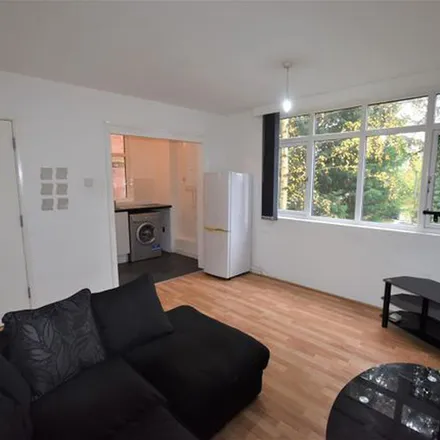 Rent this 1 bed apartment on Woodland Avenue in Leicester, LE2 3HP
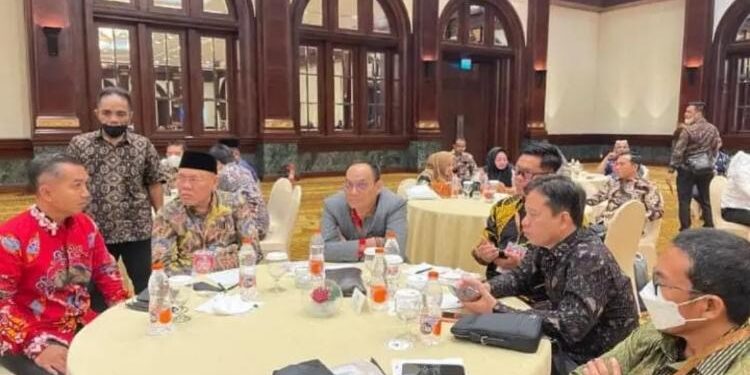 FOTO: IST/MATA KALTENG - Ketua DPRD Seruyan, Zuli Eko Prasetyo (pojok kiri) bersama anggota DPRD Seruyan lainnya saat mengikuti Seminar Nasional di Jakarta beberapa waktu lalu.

...

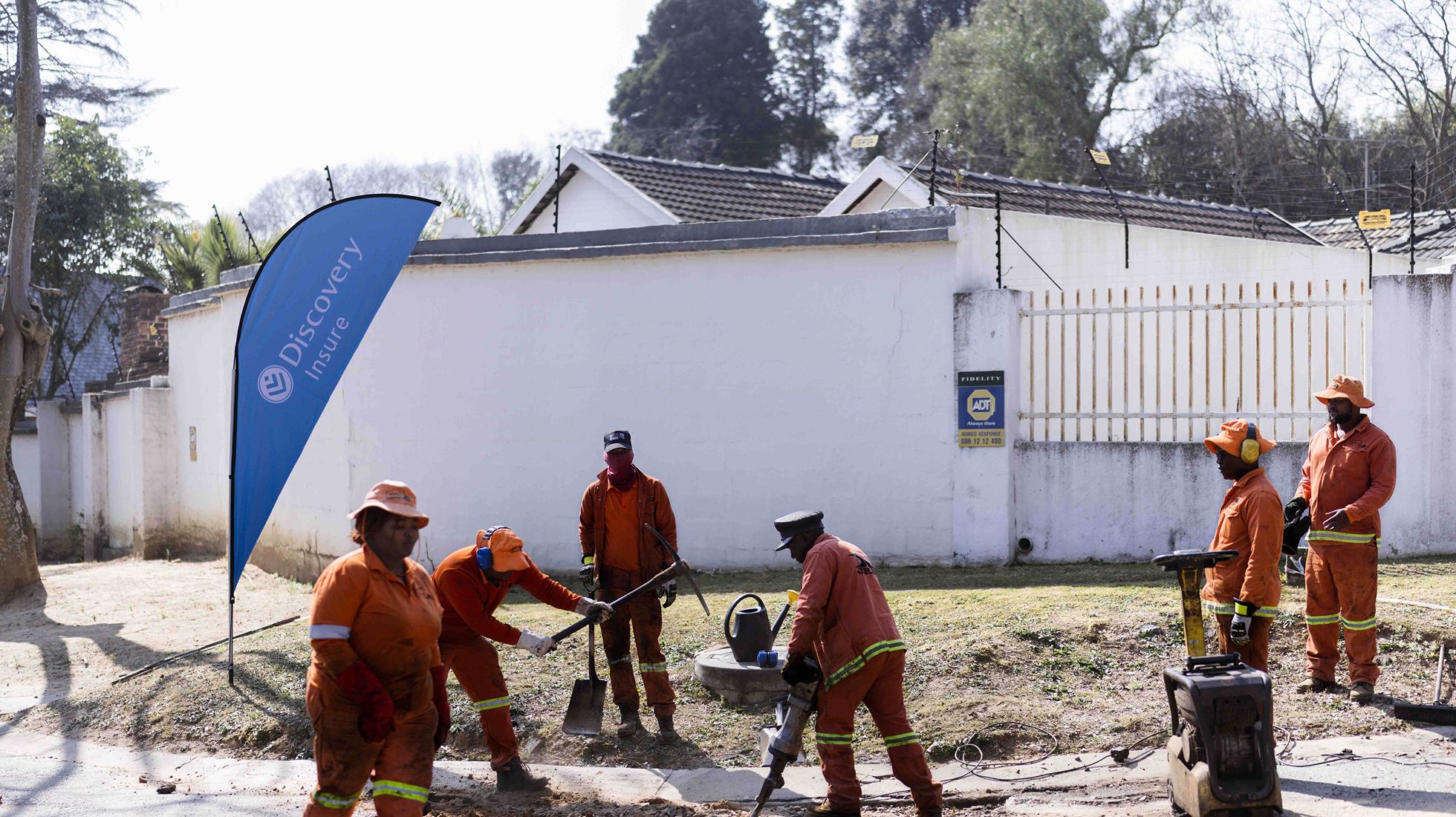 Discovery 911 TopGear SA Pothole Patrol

## Your task
Look above for the line with "Rent this 1" and the line with "FOTO: IST/MATA KALTENG", then copy exactly the lines from the first through the second, both kept, with no pictures.

## Written response
 Rent this 1 bed apartment on Woodland Avenue in Leicester, LE2 3HP
 FOTO: IST/MATA KALTENG - Ketua DPRD Seruyan, Zuli Eko Prasetyo (pojok kiri) bersama anggota DPRD Seruyan lainnya saat mengikuti Seminar Nasional di Jakarta beberapa waktu lalu.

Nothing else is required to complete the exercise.